(Beginning of Data to examine)

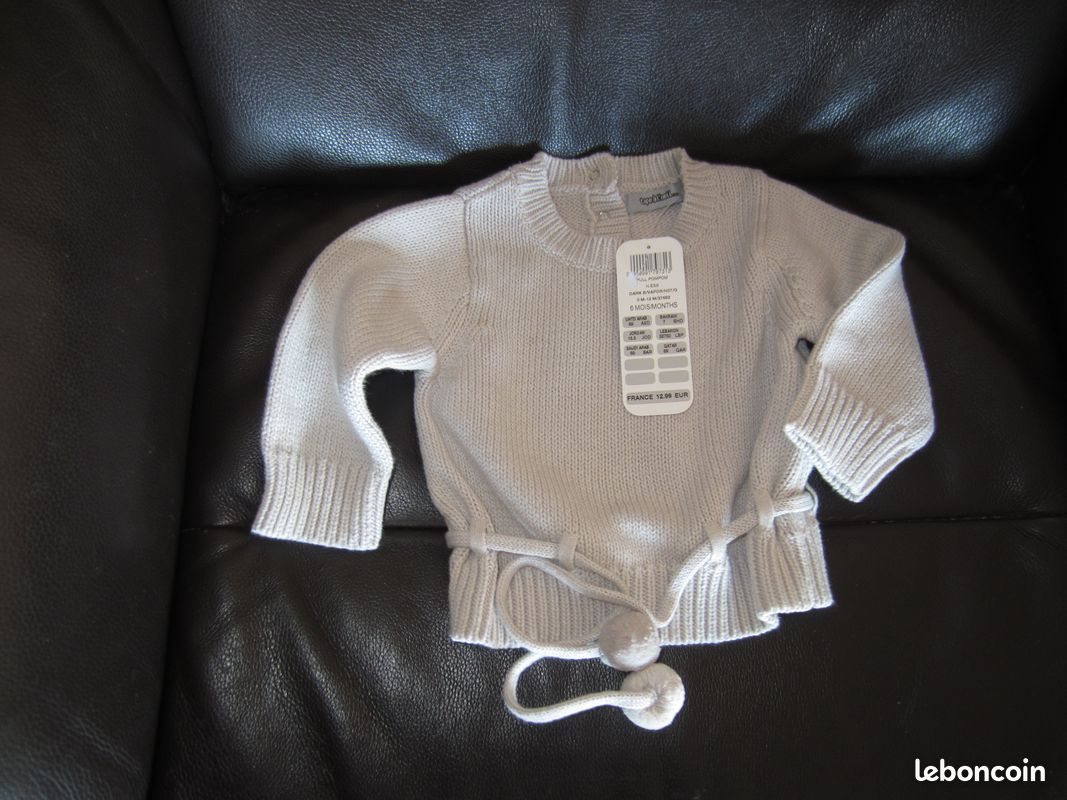 Joli pull Neuf 6 mois Tape à l'oeil 100%coton (image 5)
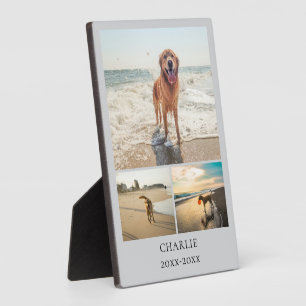 Moderne personalisierte Hunde-Collage-Foto in Grau Fotoplatte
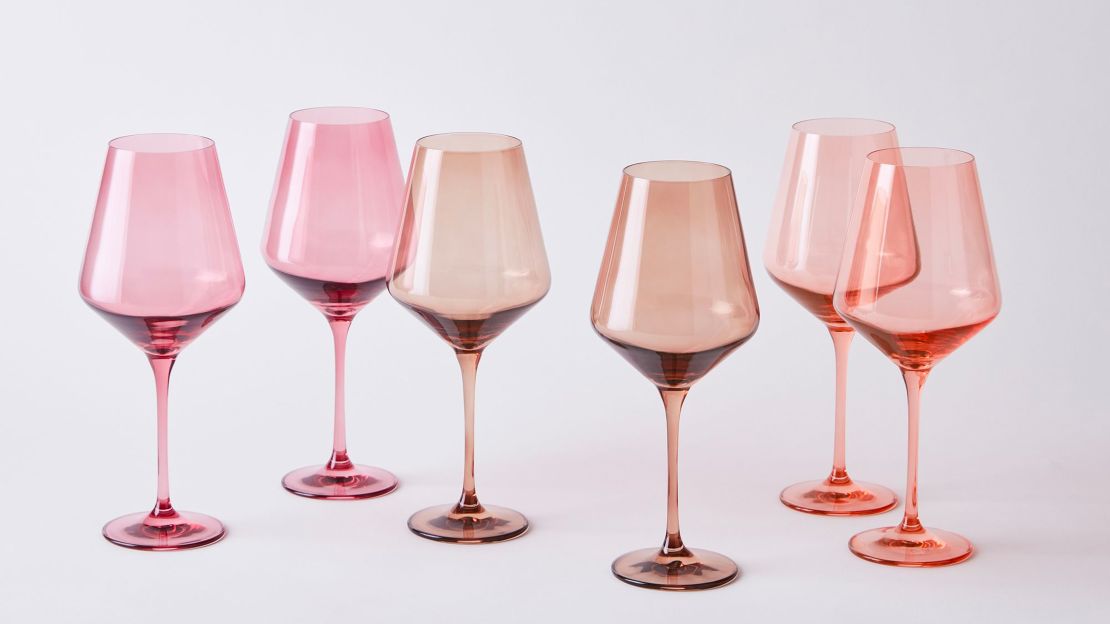 Six different colored wine glasses from Estelle Colored Glass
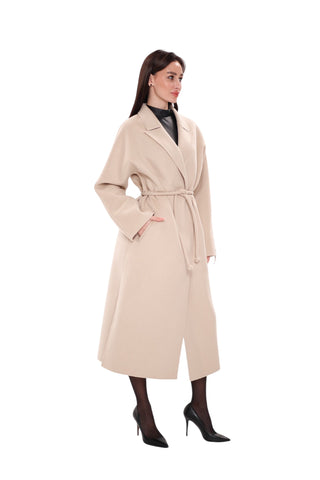 Margaret Premium Lana Wool Cashmere Coat in Royal Creme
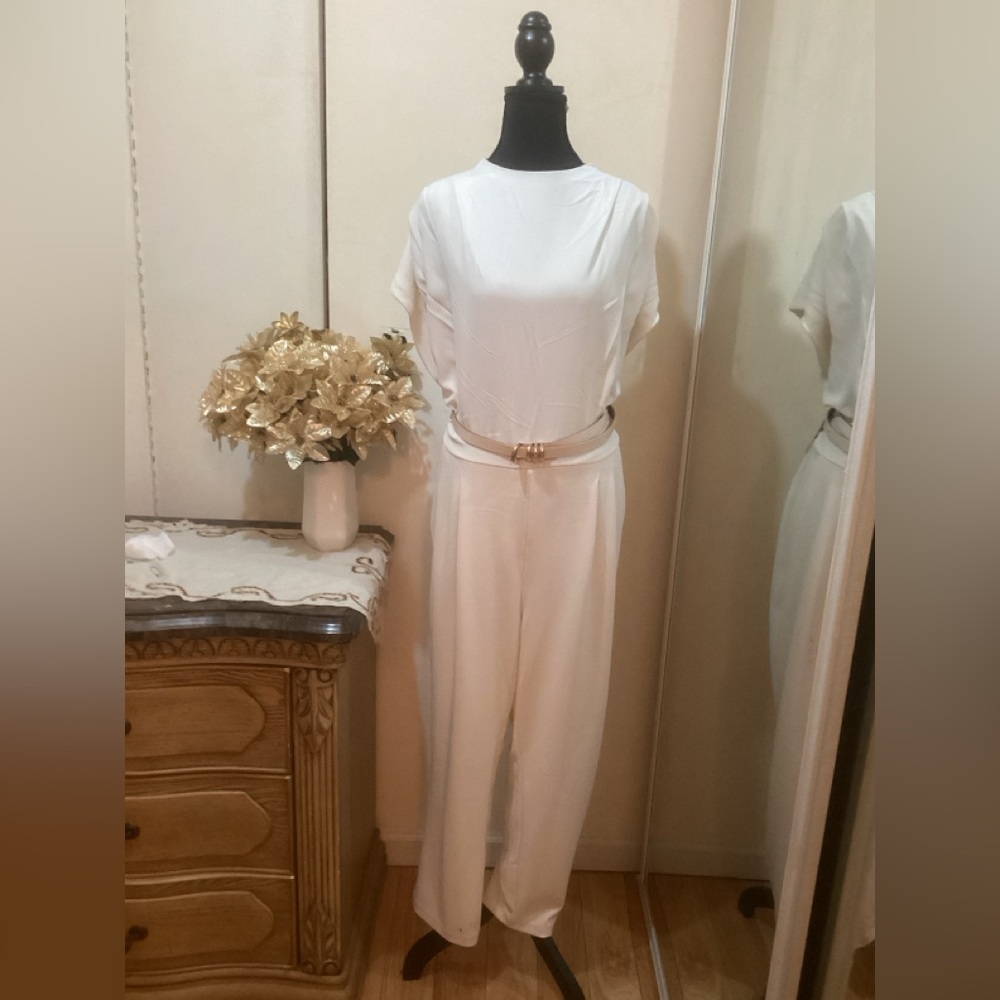 NWT Express Cream High-Waisted Tapered Jumpsuit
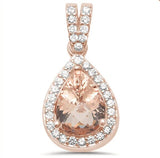 Sterling Silver Rose Gold Plated Pear Morganite and Cubic Zirconia Pendant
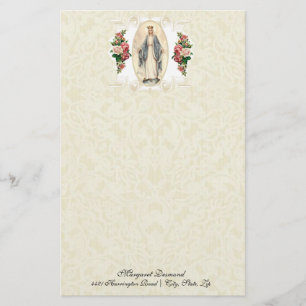 Papier Vierge religieuse Marie Roses catholiques Vintages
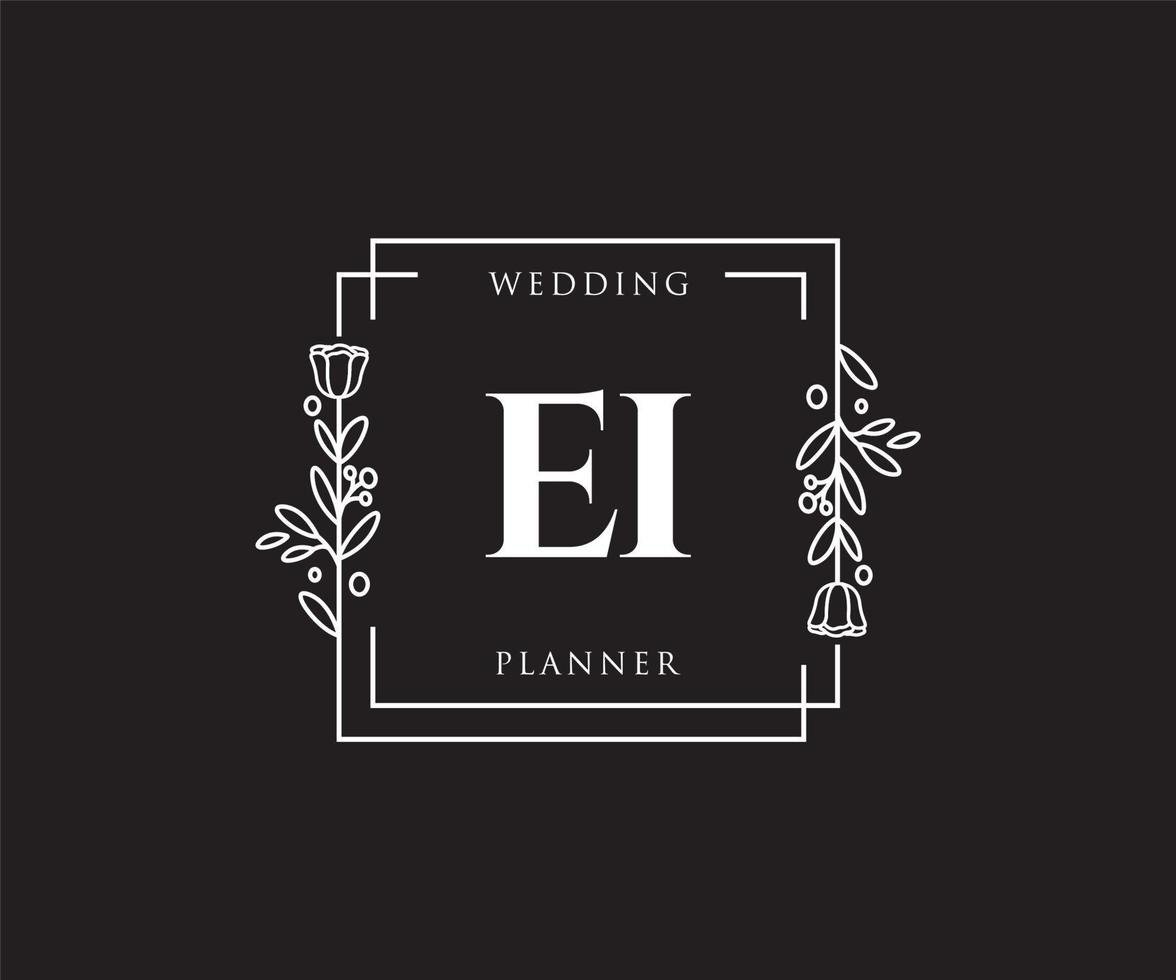 Initial EI feminine logo. Usable for Nature, Salon, Spa, Cosmetic and Beauty Logos. Flat Vector Logo Design Template Element.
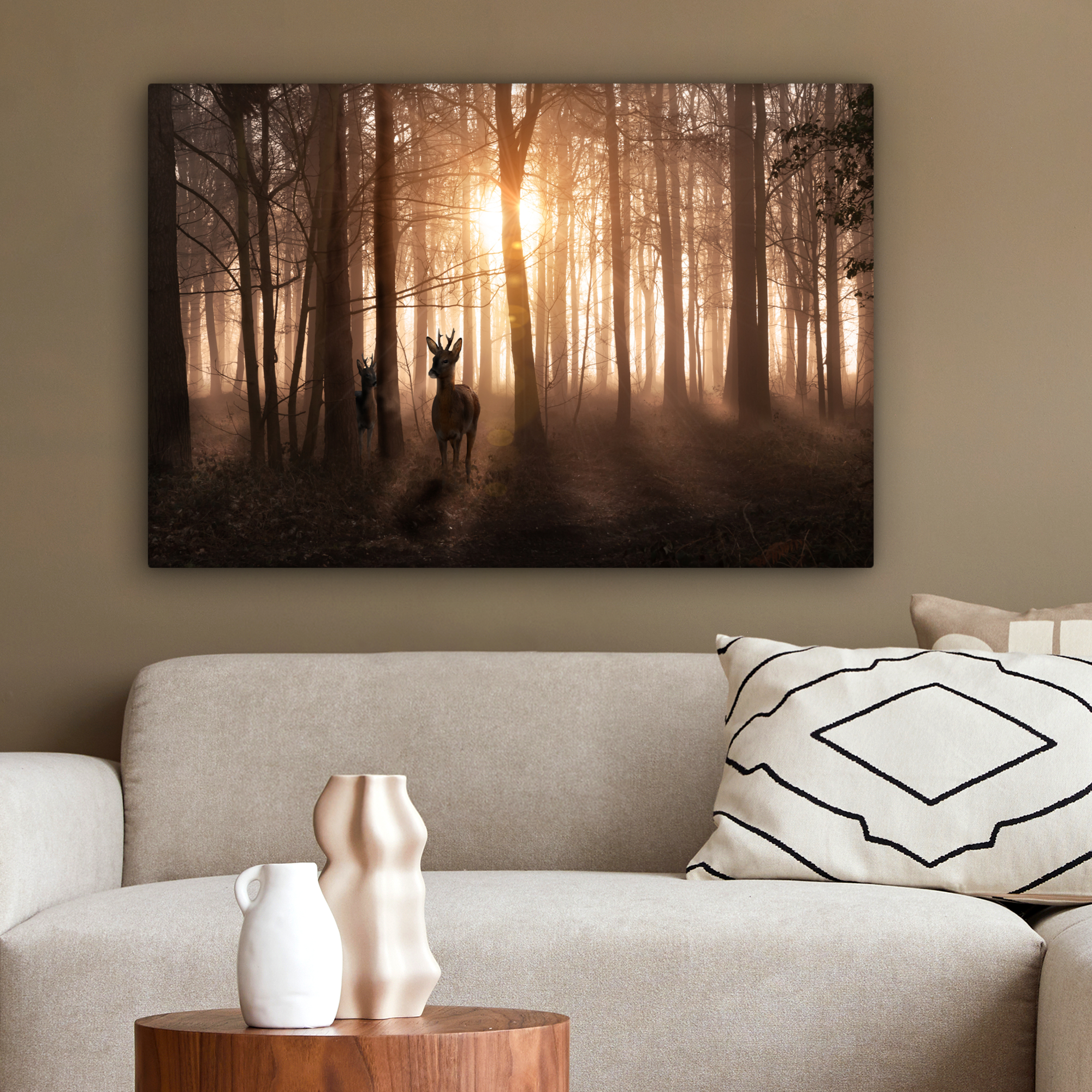 Tableau sur toile - Forêt - Cerf - Soleil - Arbres - Hiver - Nature - Animaux-2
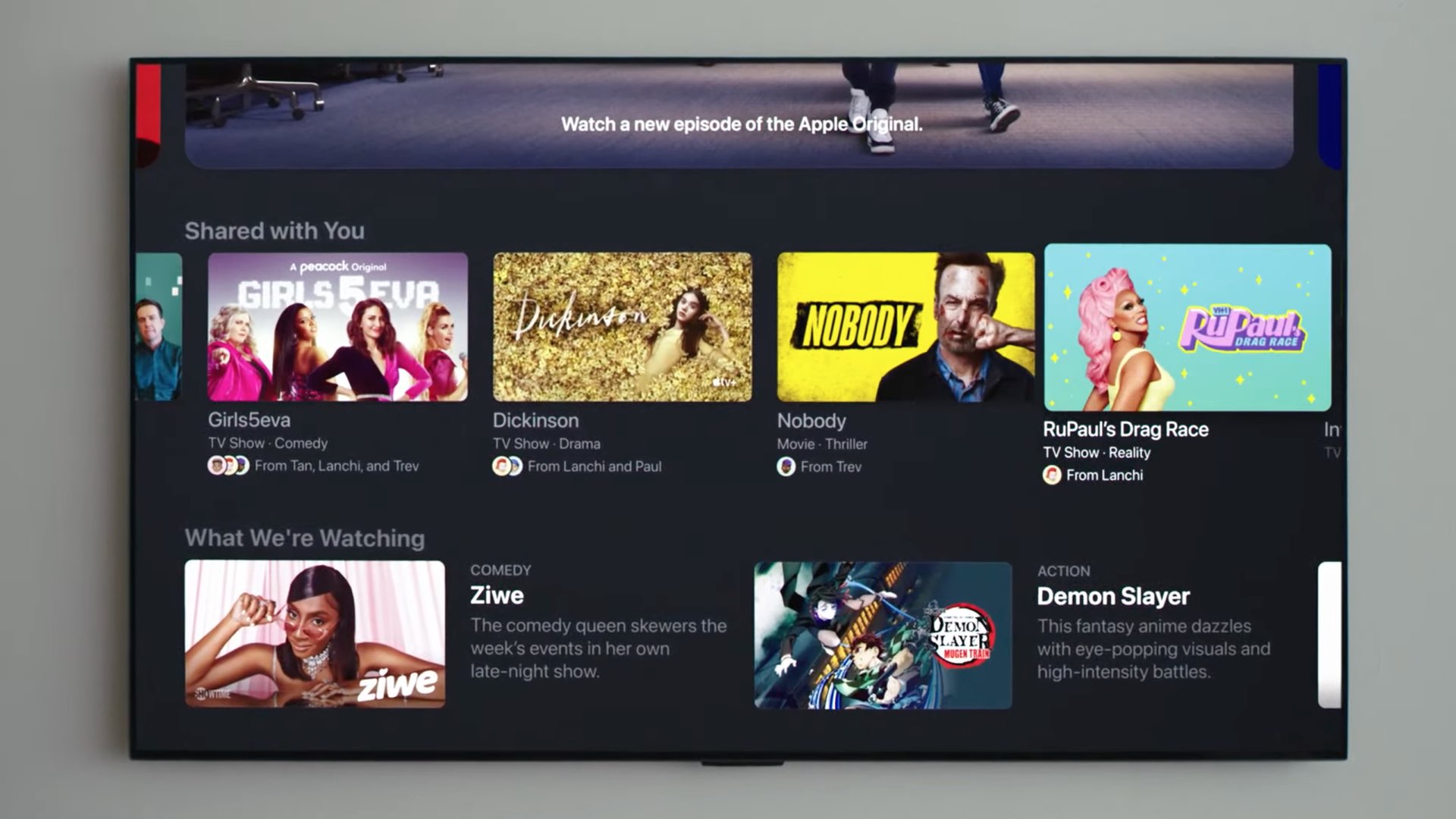 Uma imagem que mostra o aplicativo Apple TV no tvOS 15 com a seção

(End of Data to examine)

-- Problem requirements --
Verbatim, write out the line containing "NWT Express Cream" and all later lines through the end of the records, leaving every picture out.

-- Expected output --
 NWT Express Cream High-Waisted Tapered Jumpsuit
 Sterling Silver Rose Gold Plated Pear Morganite and Cubic Zirconia Pendant
 Papier Vierge religieuse Marie Roses catholiques Vintages
 Initial EI feminine logo. Usable for Nature, Salon, Spa, Cosmetic and Beauty Logos. Flat Vector Logo Design Template Element.
 Tableau sur toile - Forêt - Cerf - Soleil - Arbres - Hiver - Nature - Animaux-2
 Uma imagem que mostra o aplicativo Apple TV no tvOS 15 com a seção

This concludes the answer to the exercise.